# Stored dataset items

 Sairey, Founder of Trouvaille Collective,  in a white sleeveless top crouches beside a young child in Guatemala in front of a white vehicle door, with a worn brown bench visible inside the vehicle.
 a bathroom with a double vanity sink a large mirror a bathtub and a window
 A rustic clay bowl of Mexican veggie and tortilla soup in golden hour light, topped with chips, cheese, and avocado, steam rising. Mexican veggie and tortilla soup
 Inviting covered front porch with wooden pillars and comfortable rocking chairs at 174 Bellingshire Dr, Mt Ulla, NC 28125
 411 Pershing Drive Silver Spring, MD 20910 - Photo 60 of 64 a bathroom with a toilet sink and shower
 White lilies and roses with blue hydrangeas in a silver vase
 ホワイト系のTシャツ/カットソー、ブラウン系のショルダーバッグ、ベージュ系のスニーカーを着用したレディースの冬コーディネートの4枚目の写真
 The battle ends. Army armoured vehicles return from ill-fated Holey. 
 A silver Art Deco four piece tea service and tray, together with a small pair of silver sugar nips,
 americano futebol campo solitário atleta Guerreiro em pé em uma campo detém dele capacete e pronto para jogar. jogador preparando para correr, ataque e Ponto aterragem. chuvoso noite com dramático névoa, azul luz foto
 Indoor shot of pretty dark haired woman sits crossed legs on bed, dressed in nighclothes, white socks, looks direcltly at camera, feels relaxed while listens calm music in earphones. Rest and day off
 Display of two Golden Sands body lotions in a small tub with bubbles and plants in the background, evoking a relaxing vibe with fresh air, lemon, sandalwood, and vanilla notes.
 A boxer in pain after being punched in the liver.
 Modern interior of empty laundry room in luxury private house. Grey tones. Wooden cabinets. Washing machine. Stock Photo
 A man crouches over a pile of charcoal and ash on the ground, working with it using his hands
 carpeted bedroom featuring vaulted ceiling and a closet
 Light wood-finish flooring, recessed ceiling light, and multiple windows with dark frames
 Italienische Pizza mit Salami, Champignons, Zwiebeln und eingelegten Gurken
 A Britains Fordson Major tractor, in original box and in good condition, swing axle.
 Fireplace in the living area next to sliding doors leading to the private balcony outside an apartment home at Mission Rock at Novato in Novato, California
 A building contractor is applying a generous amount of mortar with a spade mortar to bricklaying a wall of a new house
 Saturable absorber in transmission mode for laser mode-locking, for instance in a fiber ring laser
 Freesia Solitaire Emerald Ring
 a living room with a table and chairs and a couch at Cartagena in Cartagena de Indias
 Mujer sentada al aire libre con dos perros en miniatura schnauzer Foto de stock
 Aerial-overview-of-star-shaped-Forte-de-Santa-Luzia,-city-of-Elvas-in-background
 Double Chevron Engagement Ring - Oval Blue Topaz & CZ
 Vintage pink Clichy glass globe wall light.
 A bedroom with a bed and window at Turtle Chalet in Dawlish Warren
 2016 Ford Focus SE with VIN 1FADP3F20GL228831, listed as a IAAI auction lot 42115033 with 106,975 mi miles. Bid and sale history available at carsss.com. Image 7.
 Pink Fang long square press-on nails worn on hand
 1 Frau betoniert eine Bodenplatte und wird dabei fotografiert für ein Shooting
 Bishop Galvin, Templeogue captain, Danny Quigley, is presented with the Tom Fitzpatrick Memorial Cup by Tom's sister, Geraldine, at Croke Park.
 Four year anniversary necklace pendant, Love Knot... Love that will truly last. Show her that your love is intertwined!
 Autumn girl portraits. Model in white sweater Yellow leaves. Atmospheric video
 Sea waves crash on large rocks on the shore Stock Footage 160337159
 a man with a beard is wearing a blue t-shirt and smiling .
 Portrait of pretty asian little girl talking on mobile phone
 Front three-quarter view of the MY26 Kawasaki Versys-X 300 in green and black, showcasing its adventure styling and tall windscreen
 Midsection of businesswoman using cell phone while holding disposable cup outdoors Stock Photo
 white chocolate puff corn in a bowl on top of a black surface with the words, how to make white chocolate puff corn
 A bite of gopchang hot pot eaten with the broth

# Task instructions
Every line in the entries that contains the word "while" should be counted, and the total stated alone.

# Result of the exercise
2